Como un ciclista que sabe que debe mantener una velocidad mínima para seguir andando, el gobierno de Cristina Fernández viene enviando una andanada de proyectos de ley al Congreso de la Nación que lo mantienen al frente de la iniciativa política y de la fijación de agenda. Igual que si estuviera montado en dos ruedas, la velocidad con que transitan es la preocupación fundamental, aunque esto conspire contra la calidad conceptual de alguna iniciativa. Más aún, esta última consideración pasa a segundo plano cuando la sorpresa con que se presentan las iniciativas hace tambalear a los adversarios políticos, que penan en mantener su propio equilibrio.

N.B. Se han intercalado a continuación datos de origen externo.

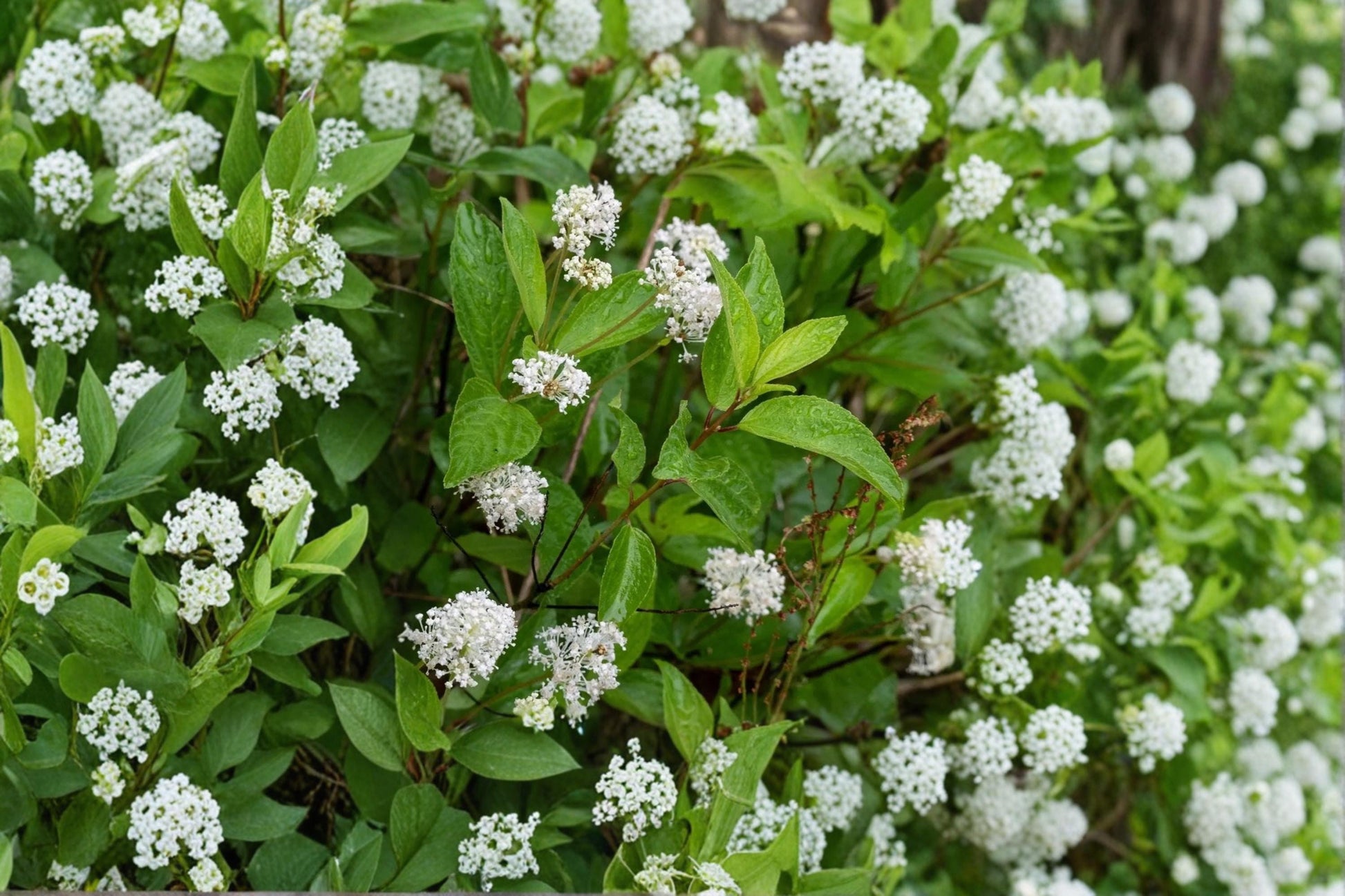 New Jersey Tea Seeds 50 Pack - Ceanothus americanus - Deciduous Flowering Shrub for Native Landscapes and Garden Borders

A diferencia de la Ley de Servicios de Comunicación Audiovisual, tema sobre el cual todos los partidos habían presentado decenas de proyectos de sorprendente similitud a lo largo de los últimos 25 años, la reforma política es una cuestión en la que una multitud de proyectos de ley reflejan énfasis de lo más diversos y nociones de reglas de juego a veces contrapuestas. El ejercicio de encontrar mínimos comunes es, por lo tanto y si cabe, mucho más dificultoso. A ello se suma el hecho de que no se trata ya de ponerle un marco general al ejercicio de la libertad de expresión e información a través de los medios, sino de definir las reglas de la competencia democrática por el poder. Ni más ni menos que definir qué tipo de juego se va a jugar, en un sentido mucho más fundamental que el de decidir si la pelota va a ser redonda u ovalada: se trata de reformar aquello que define el modo en que los ciudadanos nos dotamos de un gobierno.

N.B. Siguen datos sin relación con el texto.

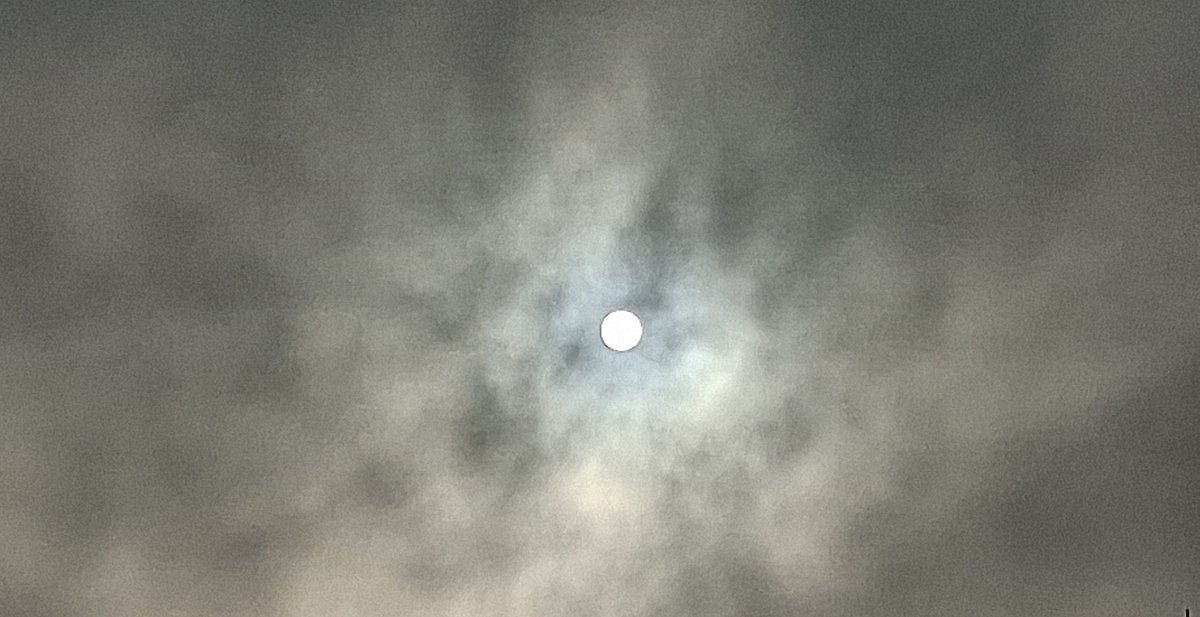 20260121-115833.jpg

El proyecto del Ejecutivo hace una selección azarosa de puntos suscitados en proyectos de ley de parlamentarios de todos los partidos y (como muchos de éstos) invoca la comparación con legislaciones o tradiciones extranjeras. Al hacerlo, corre tanto riesgos (la transpolación, el injerto), como busca el provecho (lecciones aprendidas, soluciones a problemas comunes) que van asociados a este ejercicio.

Si distinguimos entre cuestiones que son comunes a todas las democracias contemporáneas y aquellas que son intrínsecas a una cultura política o propias de una coyuntura particular, vamos a encontrar que, respecto de las primeras, la legislación comparada nos va a sugerir soluciones aplicables; respecto de las segundas, tal vez nos diga cosas poco concluyentes.

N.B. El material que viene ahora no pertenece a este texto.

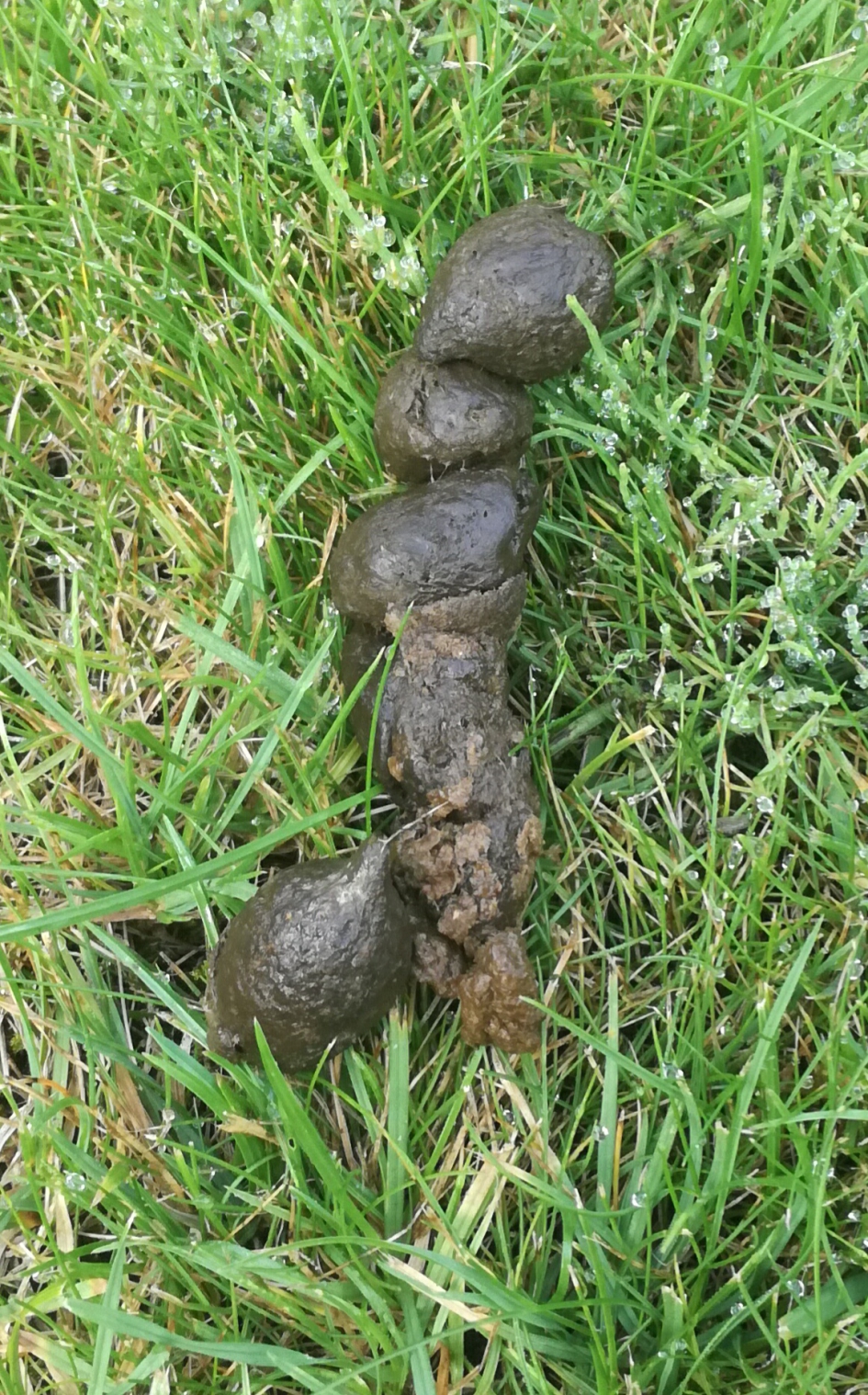 Uitwerpsel - Zoogdieren -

Las cuestiones del financiamiento de los partidos y del acceso de los que compiten por el poder a los medios audiovisuales son problemas del último cuarto de siglo que se presentan de manera similar en todas las democracias. Respecto del primero de ellos, hay ejemplos de fracasos clamorosos que permiten que la democracia degenere en plutocracia (los EE.UU.) y ejemplos razonablemente exitosos como los de México y Chile, que el proyecto oficialista cita. Respecto del segundo, los EE.UU. vuelven a ser el pináculo de la desigualdad, mientras que hay buenas legislaciones a emular en nuestra región (Brasil y México) y en Europa (España, Francia y Gran Bretaña, entre las que menciona el gobierno; la ley par condicio de Italia, también a considerar).

Con igual seguridad, se puede decir que la alusión a los EE.UU. y a Uruguay para justificar la propuesta de internas abiertas, simultáneas y obligatorias, pasa por alto la absoluta disparidad de culturas políticas entre esos dos países y lo difícil que resulta encontrar analogías entre ninguna de ambas y la argentina. Más aún, si hay un aspecto que acomuna esas dos culturas políticas, es su estabilidad, sinónimo de perpetua continuidad en el país del norte y de lentitud y solidez de los cambios en la Banda Oriental. Pocos atributos están tan lejos de la fluidez que de la situación argentina. Sin que ello invalide per se la pertinencia del sistema, hay que subrayar que éste y otros aspectos de la propuesta (en particular, el endurecimiento de los requisitos para el reconocimiento de los partidos) demuestran los límites del enfoque comparado y muestran la hilacha de cierto cálculo de corto plazo que ignora las placas tectónicas en movimiento en la profundidad de la Argentina política. Sin acordar el perfil del sistema deseado para la Argentina, las comparaciones pueden terminar siendo un ornamento.